Please write out the lines of the data exactly, beginning with the first and ending with the line containing "Feather Cuff Top-Regal"; leave the pictures behind.

───── Supplied entries

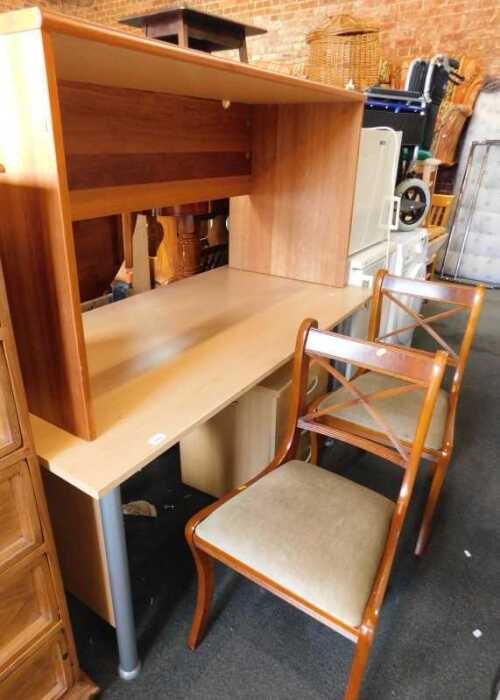Furniture, to include a pair of dining chairs, a desk, further desk with three drawers to one...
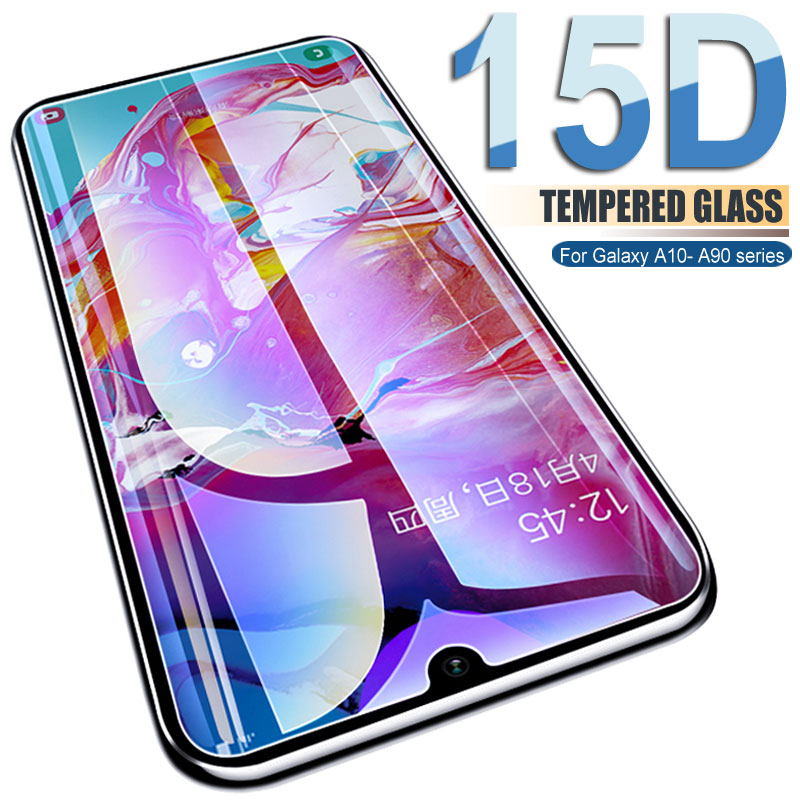 15D Protective Glass For Samsung Galaxy A10 A30 A50 A70 A10S A20E A20S A30S A40S Screen Protector A50S A70S M10S M30S Glass Film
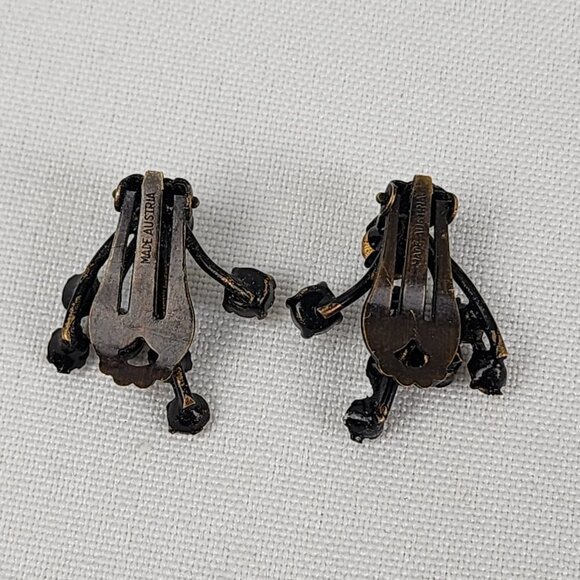 Vintage Made In Austria Black Crystal Clip On Earrings - Picture 3 of 5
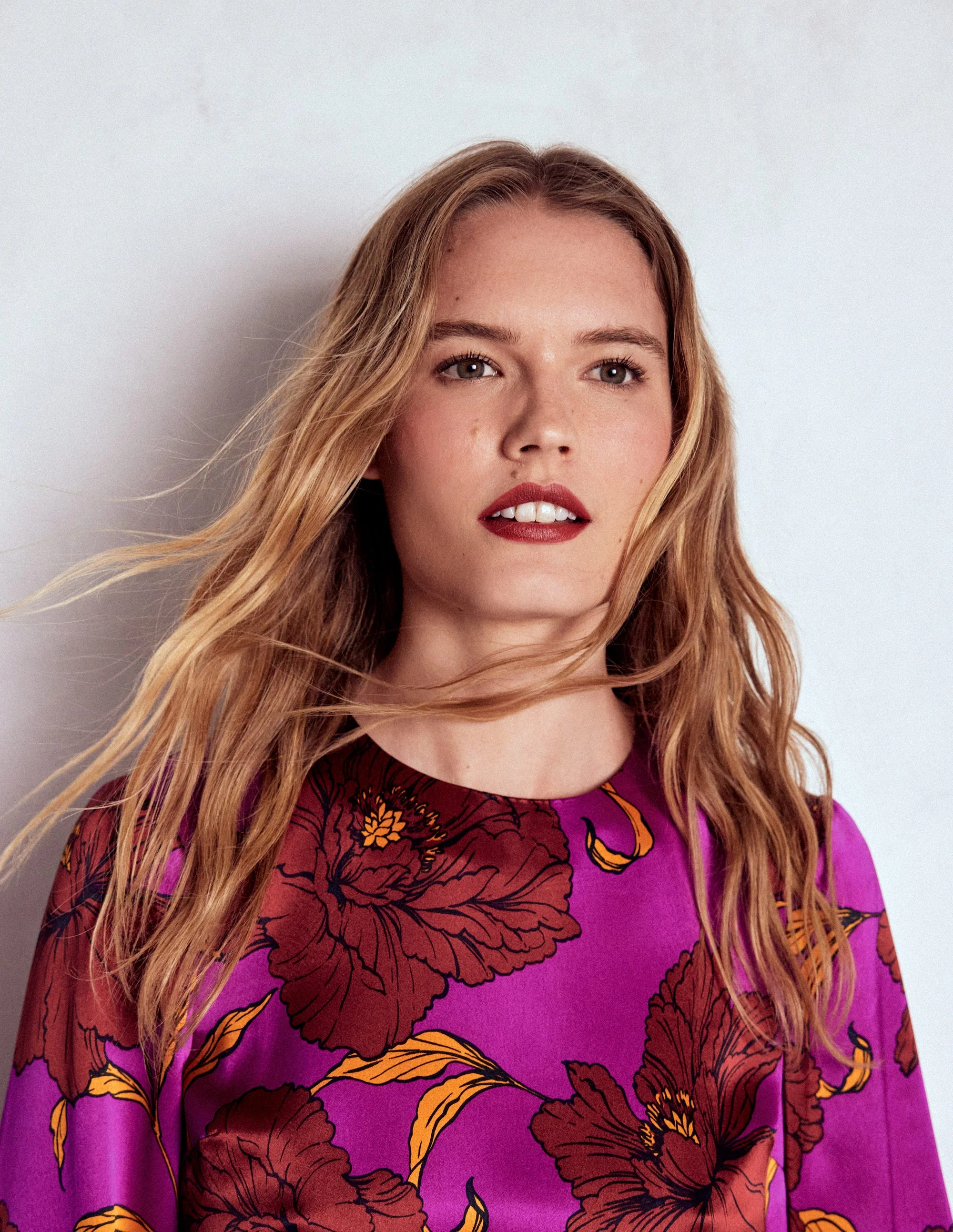Feather Cuff Top-Regal Purple, Peony Bloom - Image 5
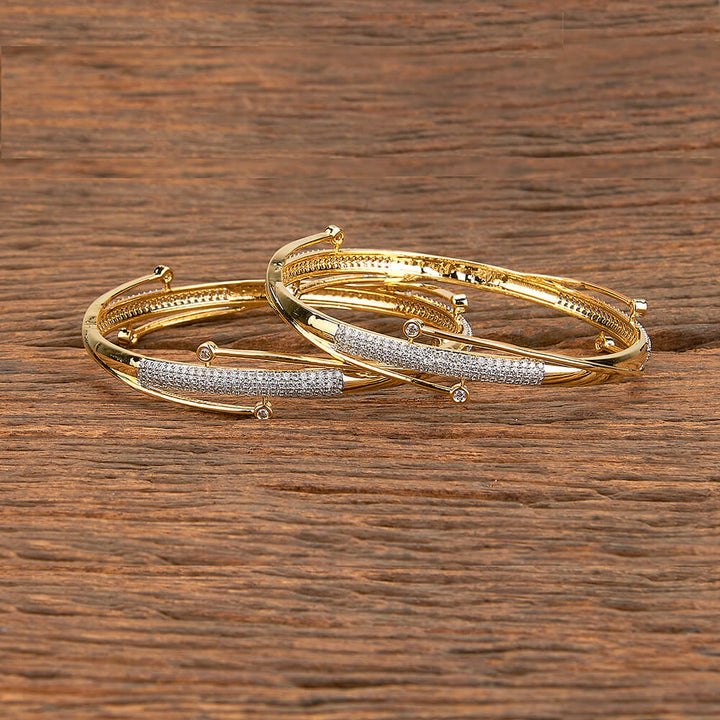 Cz Classic Bangles With 2 Tone Plating 429455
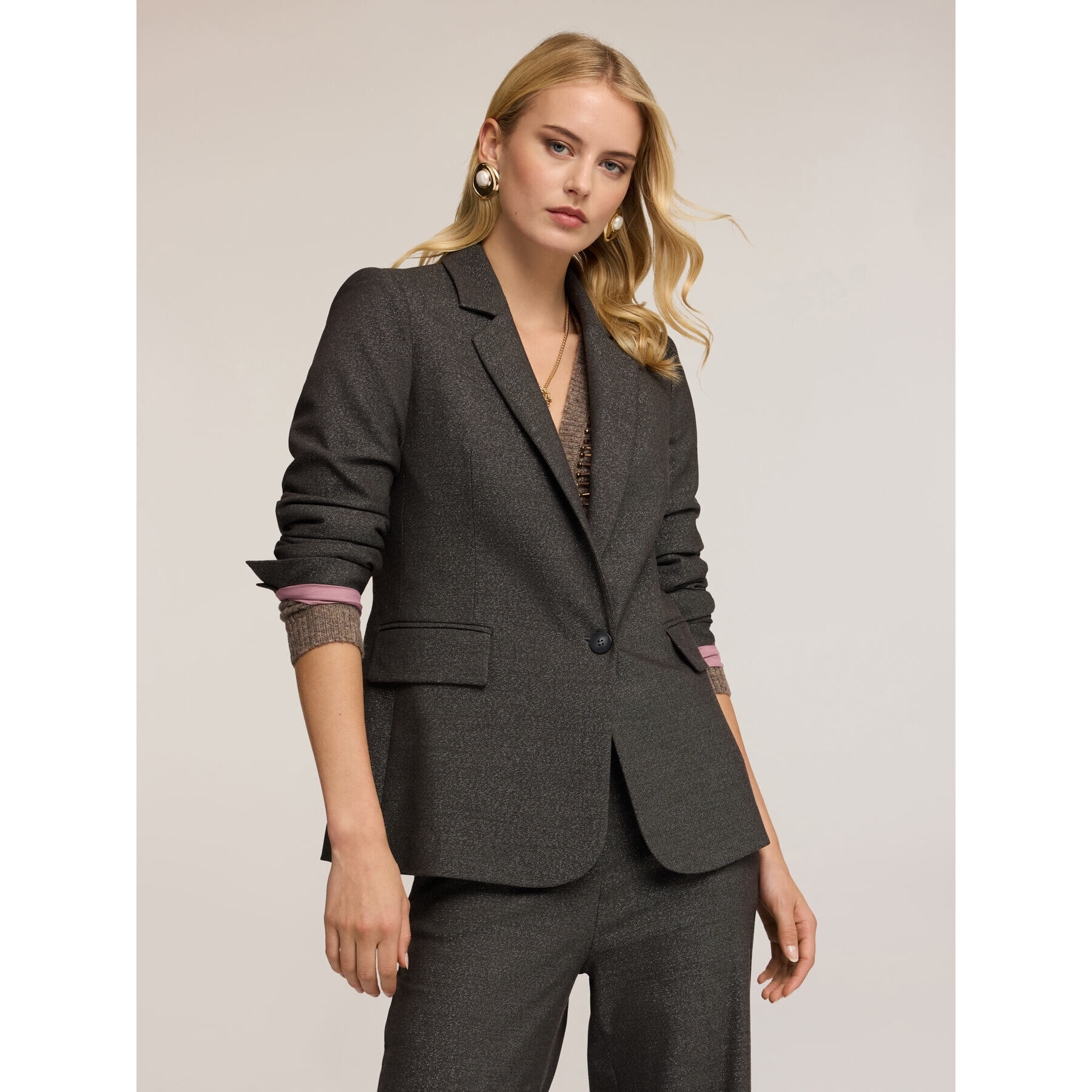 Motivi - Blazer strutturato in tessuto armaturato misto lurex - Grigio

──────────

Task result:
Furniture, to include a pair of dining chairs, a desk, further desk with three drawers to one...
 15D Protective Glass For Samsung Galaxy A10 A30 A50 A70 A10S A20E A20S A30S A40S Screen Protector A50S A70S M10S M30S Glass Film
 Vintage Made In Austria Black Crystal Clip On Earrings - Picture 3 of 5
Feather Cuff Top-Regal Purple, Peony Bloom - Image 5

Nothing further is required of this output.